Features, Highlights

Christmas carols and the American Civil War

THE American Civil War sparked revival on both sides of the Mason-Dixon Line. Between 100,000 and 200,000 Union soldiers reportedly converted to Christ, as did about 150,000 Confederates.

Many soldiers’ quarters featured chapels, and it was during this conflict that military chaplains became common.

The same era saw a flurry of hymn-writing and carol-writing, especially in the North. In 1849, with the Mexican-American war just over and smaller skirmishes (between settlers and American Indians and between slavery-supporters and abolitionists) igniting across the frontier, Edmund Hamilton Sears expressed a longing for peace in “It Came Upon the Midnight Clear”. Sears, a New Englander, was not directly involved in these battles, but as a pastor and Christian journalist, he had cause to comment on them.
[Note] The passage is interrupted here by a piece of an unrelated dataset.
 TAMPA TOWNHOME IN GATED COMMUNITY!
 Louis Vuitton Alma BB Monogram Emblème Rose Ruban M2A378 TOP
As scholar Alfred Edward Bailey noted in his 1950 classic The Gospel in Hymns, Sears’ carol specifically emphasises the social significance of the Christmas angels’ message.

Sears writes of a “weary world,” with “sad and lowly plains” where “Babel sounds” echo. He laments “two thousand years of wrong” and the fact that “man, at war with man, hears not / the love song which they [the angels] bring.” The carol’s last stanza anticipates the day “when peace shall over all the earth / its ancient splendors fling.”

Instead of peace, the 15 years following Sears’ song saw unprecedented strife. The ravages of the war directly inspired another carol, “I Heard the Bells on Christmas Day”, which was penned by Maine native Henry Wadsworth Longfellow around 1862.

The sadness of this song reflects Longfellow’s grief over the 1861 death of his second wife (burned to death at home when candles ignited her clothing), his bitter opposition to the war, and the sorrow of his son Charles having been gravely injured in battle.

Another carol to come out of Civil War experience is “O Little Town of Bethlehem”, by Phillips Brooks. A pastor in Philadelphia during the war, Brooks also ministered to Union soldiers. He called the Emancipation Proclamation “the greatest and most glorious thing our land has ever seen”.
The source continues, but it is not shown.